El crujido del piso la despertó de golpe.
Valerian abrió los ojos, aún aturdida por el sueño, con la garganta seca y el corazón latiendole en los oídos. No recordaba haberse quedado dormida, ni haber dejado alguna luz encendida. Pero ahí estaba: una silueta quieta junto a la ventana del living, apenas visible entre las sombras.

—¿Jeremy…?

Él no respondió. Se quedó mirándola desde la penumbra, tambaleándose. Tenía los ojos enrojecidos, la ropa arrugada, y el cuerpo entero le olía a alcohol, a rabia… a algo más.

—¿Cómo entraste? —preguntó ella, intentando sonar firme, aunque le temblaban las piernas.

Jeremy sonrió con esa mueca torcida que ya conocía demasiado bien.

—¿De verdad pensaste que podías borrarme así? —dijo, dando un paso al frente—. Mudarte, olvidarte, como si yo nunca hubiera existido.

Su voz era una mezcla de reproche y tristeza, como si le doliera hablar, pero aún más callarse.

Valerian retrocedió. El miedo le recorría la espalda como un escalofrío largo.
Corrió hacia la escalera. Quería encerrarse, aunque fuera solo por unos segundos. Pero él venía detrás. Rápido. Más rápido de lo que esperaba.

La alcanzó antes de llegar al dormitorio. La tomó del tobillo, la hizo caer.

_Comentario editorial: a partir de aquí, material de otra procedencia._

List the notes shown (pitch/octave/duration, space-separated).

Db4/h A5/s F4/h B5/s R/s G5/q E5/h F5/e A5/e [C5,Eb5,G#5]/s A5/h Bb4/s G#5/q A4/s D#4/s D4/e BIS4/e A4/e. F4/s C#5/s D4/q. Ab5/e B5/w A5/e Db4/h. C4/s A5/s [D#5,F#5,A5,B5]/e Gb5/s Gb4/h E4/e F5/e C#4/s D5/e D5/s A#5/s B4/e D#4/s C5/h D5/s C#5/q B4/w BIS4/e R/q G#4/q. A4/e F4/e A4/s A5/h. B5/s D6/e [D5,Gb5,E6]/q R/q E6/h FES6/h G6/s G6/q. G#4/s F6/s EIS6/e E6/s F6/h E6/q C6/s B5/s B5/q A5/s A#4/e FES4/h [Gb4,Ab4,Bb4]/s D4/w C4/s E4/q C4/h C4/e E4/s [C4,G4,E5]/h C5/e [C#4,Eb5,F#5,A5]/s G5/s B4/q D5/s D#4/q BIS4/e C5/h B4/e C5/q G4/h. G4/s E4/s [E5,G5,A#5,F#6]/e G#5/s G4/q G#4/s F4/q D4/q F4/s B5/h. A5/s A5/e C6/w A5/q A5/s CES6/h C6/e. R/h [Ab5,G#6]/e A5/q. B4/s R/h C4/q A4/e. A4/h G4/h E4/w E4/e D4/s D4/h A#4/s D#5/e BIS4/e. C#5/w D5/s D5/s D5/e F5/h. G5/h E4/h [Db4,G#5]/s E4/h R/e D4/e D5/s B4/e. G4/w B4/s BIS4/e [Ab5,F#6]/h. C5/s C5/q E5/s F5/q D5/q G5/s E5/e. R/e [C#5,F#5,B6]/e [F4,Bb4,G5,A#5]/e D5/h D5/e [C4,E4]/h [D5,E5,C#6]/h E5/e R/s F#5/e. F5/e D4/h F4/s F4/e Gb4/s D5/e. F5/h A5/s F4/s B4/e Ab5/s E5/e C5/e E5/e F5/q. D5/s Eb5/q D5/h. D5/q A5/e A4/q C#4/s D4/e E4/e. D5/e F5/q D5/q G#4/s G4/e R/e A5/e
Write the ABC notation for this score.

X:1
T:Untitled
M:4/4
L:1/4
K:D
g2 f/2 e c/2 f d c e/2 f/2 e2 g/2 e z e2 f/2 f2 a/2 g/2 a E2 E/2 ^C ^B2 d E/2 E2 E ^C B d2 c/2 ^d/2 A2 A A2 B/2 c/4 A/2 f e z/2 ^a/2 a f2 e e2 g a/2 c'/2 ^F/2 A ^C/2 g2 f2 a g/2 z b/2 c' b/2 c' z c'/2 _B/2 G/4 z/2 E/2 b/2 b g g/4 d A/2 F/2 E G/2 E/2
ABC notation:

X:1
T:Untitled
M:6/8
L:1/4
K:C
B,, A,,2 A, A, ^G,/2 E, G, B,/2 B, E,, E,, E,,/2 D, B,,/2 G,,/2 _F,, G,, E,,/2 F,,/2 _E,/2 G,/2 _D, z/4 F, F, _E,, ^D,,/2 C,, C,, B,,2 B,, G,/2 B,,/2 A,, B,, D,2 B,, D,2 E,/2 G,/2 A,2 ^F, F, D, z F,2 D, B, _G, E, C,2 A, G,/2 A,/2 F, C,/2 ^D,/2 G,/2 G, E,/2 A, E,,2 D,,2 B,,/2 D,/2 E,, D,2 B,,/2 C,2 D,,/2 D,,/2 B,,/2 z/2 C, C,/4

—Esto es tu culpa —dijo, subiéndose encima, con los ojos fuera de sí—. Sin mí no eres nadie, Val. ¿Me oyes? Nadie.

Le apretó el cuello con ambas manos.

Valerian pataleó. Forcejeó. Arañó su rostro. Pero la presión era cada vez más fuerte.
El aire no le alcanzaba. Todo empezaba a desdibujarse.

Entonces lo vio.
El cenicero. Bajo la mesa de noche.

Estiró el brazo. Con un último impulso, lo agarró y se lo estrelló en la cabeza.

Jeremy cayó a un lado, balbuceando palabras sin sentido. Ella se arrastró, jadeando, sintiendo el ardor en los pulmones. Lo miró. Lo miró largo.

Y no pudo detenerse.

Lo golpeó otra vez. Y otra. Hasta que el silencio fue total.

Se quedó acurrucada contra la pared, cubierta de sangre, con los dedos entumecidos y la mente en blanco. Solo se quedó ahí, mirando el suelo, como si ya no supiera quién era.

Cuando por fin reaccionó, marcó un número.

Uno que nunca pensó que necesitaría.

—Dante —susurró, apenas audible—. Pasó algo. Necesito que vengas.